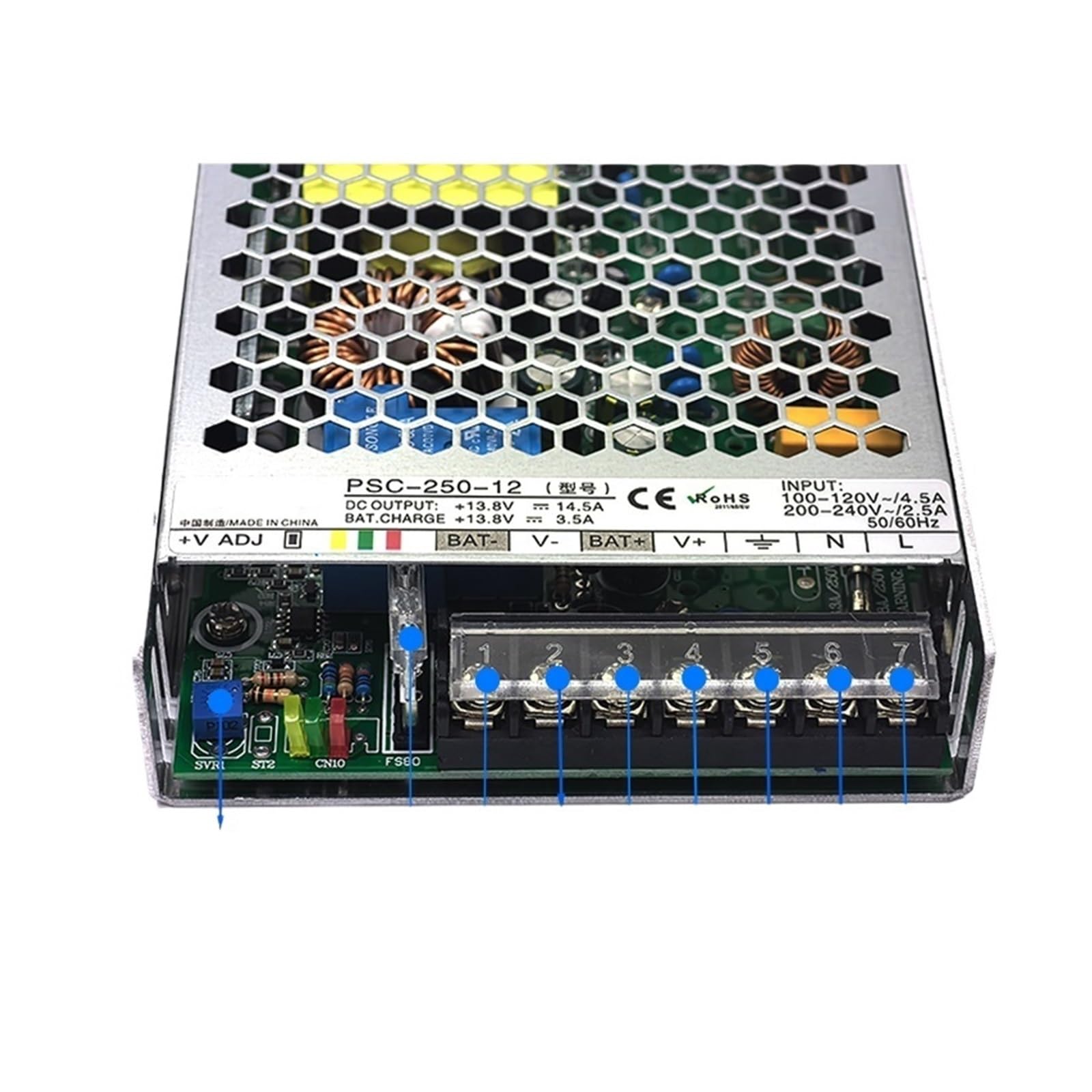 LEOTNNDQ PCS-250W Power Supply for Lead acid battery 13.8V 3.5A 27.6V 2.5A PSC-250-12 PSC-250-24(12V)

* * *

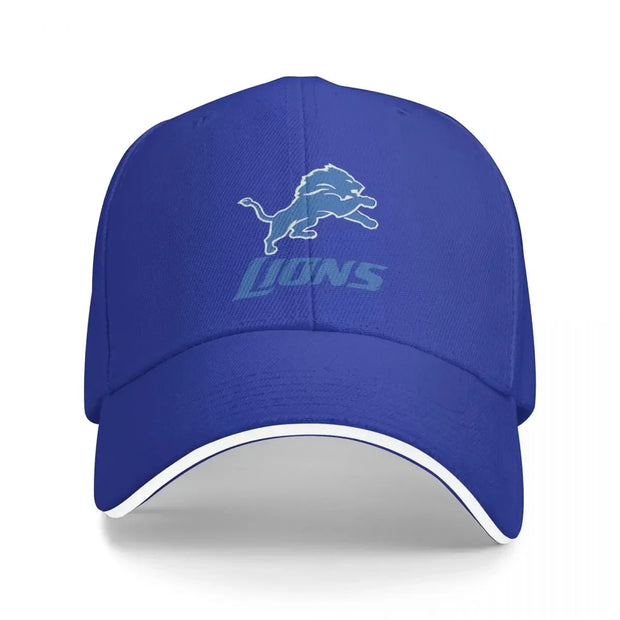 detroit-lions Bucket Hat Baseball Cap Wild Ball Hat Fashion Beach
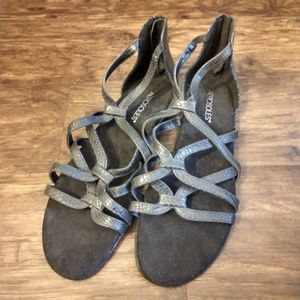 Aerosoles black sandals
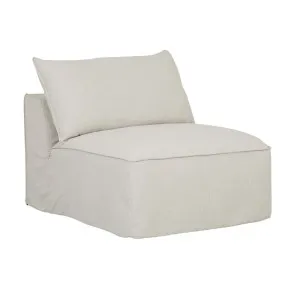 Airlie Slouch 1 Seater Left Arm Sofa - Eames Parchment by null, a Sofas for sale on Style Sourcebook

• _What you are asked to do_
Without the pictures, set down the lines above from the line with "Aerosoles black sandals" up to and including the line with "Airlie Slouch 1" exactly as they stand.

• _Result of the exercise_
 Aerosoles black sandals
 Airlie Slouch 1 Seater Left Arm Sofa - Eames Parchment by null, a Sofas for sale on Style Sourcebook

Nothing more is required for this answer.